Understanding IDC portal cohort plots

Ok, I have a partial understanding. What you have called ‘filter for records’ would be a query to count cases in an original data category (SOPClassUID in this case). It can be adjusted for different filters by changing the ‘WHERE Clause’. Now ‘filter for counts’ would be a query to count cases in derived:segmentation categories (but replace SOPClassUID with a derived:segmentation category). The only difference between this and ‘filter for records’ (besides the category) is the ‘has_segmentation=true’ clause. I think for counts in derived:quantitative you have ‘has_quantitative=true’ instead? Now ‘has_segmentation=true’ is only going to matter when ‘AnatomicRegionSequence is NULL’ is in the filter. If AnatomicRegionSequence has any other filter value then ‘has_segmentation=true’ is redundant.

Actually I I can take a stab at explaining it … with set theory and Venn diagrams. It can be understandable but as is the numbers are not going to be intuitive to anyone who has not spend a few minutes with the documentation.

Example w Discussion:

Here we filter for Atomic Region=Pharyngeal tonsil (adenoid)). From the UI there should only be 25 cases selected.
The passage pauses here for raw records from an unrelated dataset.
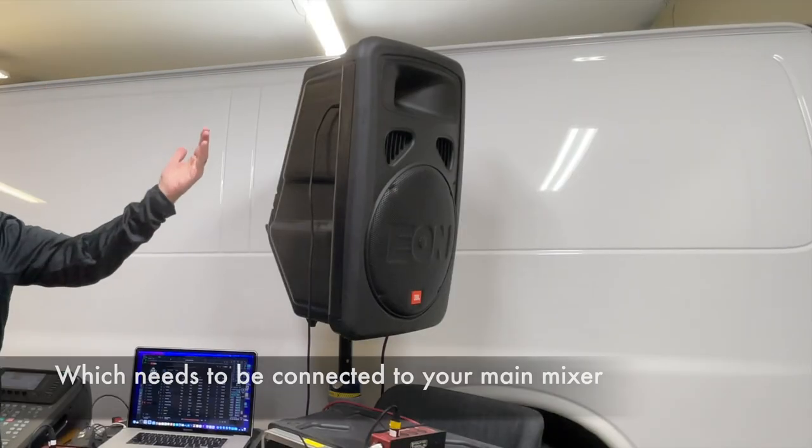Hey everybody, this is Bart from The Sound Couple and today we're going to cover two ways you can set up a remote speaker.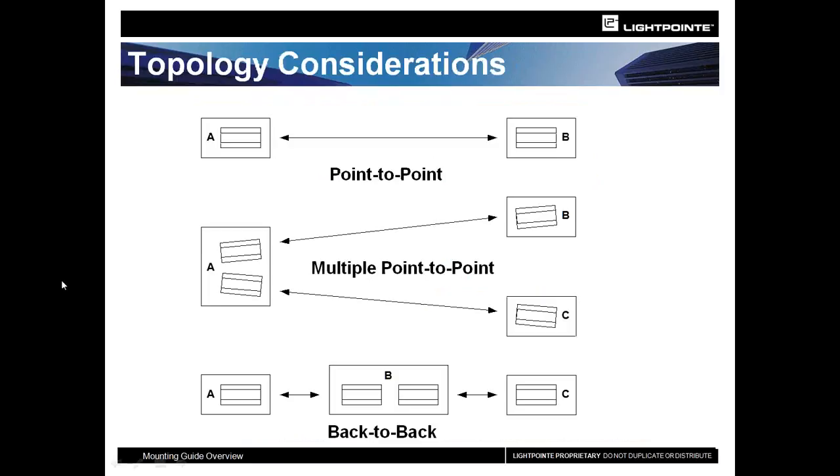Some things to consider: how are you going to be deploying the system? Are we talking a simple point-to-point, which is about 80 to 90% of our installs? And then there is point-to-multipoint, which is fairly common, but not as common.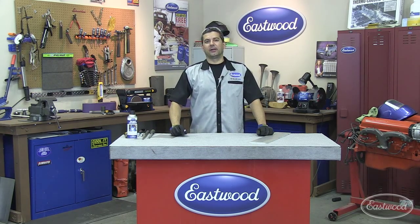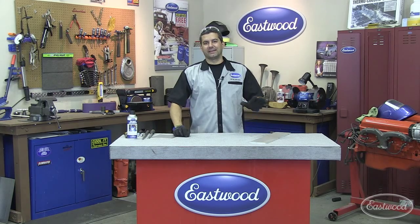Mark here with the Eastwood Company. Today we're going to talk about our new belt disc sander, a product you've got to have around the shop.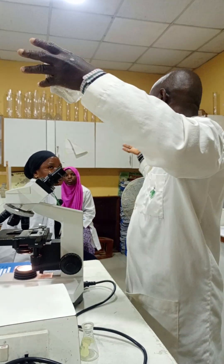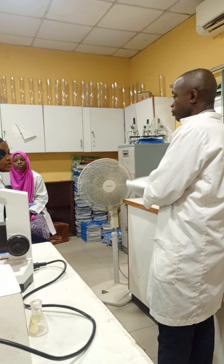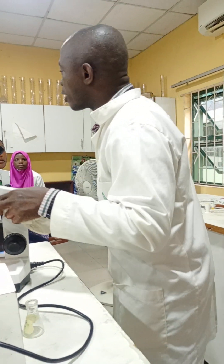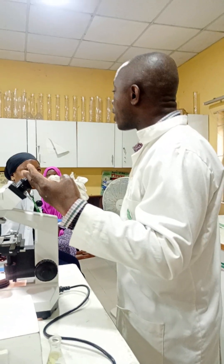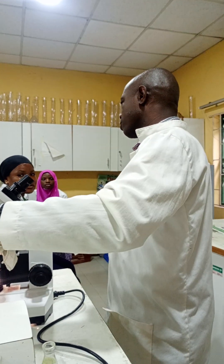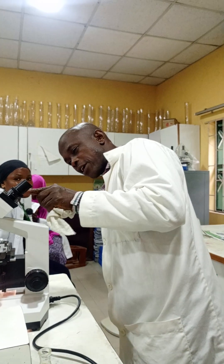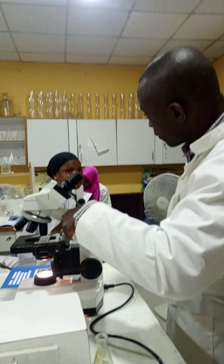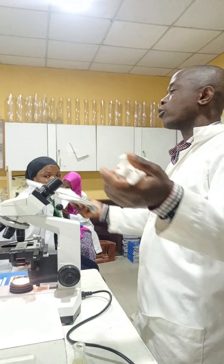Do you understand how to get magnification for specimens seen under the microscope? If your specimen is under the microscope, you multiply the eyepiece by the objective lens. The eyepiece is times 10, and the objective lens facing the slide is times 10, so your magnification is times 100.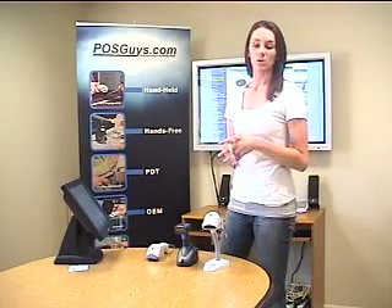For more information on this product or if you would like to purchase it, please visit us at www.posguys.com.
Here we examine the Modality Counts for the filter ‘Atomic Region=Pharyngeal tonsil (adenoid))’ (see RHS). Each case can have multiple modalities, so we do not expect the sum of all counts to be equal to 25, but the maximum number of counts in any one attribute to be less or equal to 25. This is confirmed.

Here we filter for ‘Atomic Region = None’. The UI is showing that there are only 10 cases with ‘Atomic Region = None’. However, within the Anatomic Region category the UI is only counting cases which have segmentation data but do not have an Anatomic Region within the segmentation data as None. There are hundreds of other cases that do not have any segmentation data.

Here is Modality with the filter ‘Anatomic Region=None’. How is it that many of the case counts are much greater than 10, the total number of cases we show for the ‘Anatomic Region=None’ bucket? Well in counting cases for Modality we now include all the cases that do not have any segmentation data, and by default their ‘Anatomic Region’ is None.

Thank you George, this is precisely what’s happening.

Again–it doesn’t have to work this way, this is just the logical outcome of wanting to associate derived data with the studies/cases they’re linked to. Because we’re working at an instance level with our data, where the derived and original records of a given study or case aren’t unified in one another’s attribute values (because why would they be–they’re different records, after all), we get some weird numbers and lists when we want to count on something other than instance records.

This is is why Ulrika and Justin asked us what we planned to do; it’s a thorny problem with no obvious answer, beyond ‘decide and document’.

Well, not quite - in fact we include all of the cases that have any instance with ‘Anatomic Region’ set to None. And every single case will have such instance, since every single study that has a Segmentation instance will have non-Segmentation instances.

So if the user selects ‘None’ for Derived filters, it has no effect on the definition of the cohort. I do not know how this can be helpful. We can discuss how this behavior can be improved, but until then maybe it’s better to just remove “None” as an option from the filters.

Following the discussion today with @spaquett, @george.white and @wlongabaugh, we all agreed to disable “None” filter selection for the derived data, since its current behavior is most likely not what any user would expect.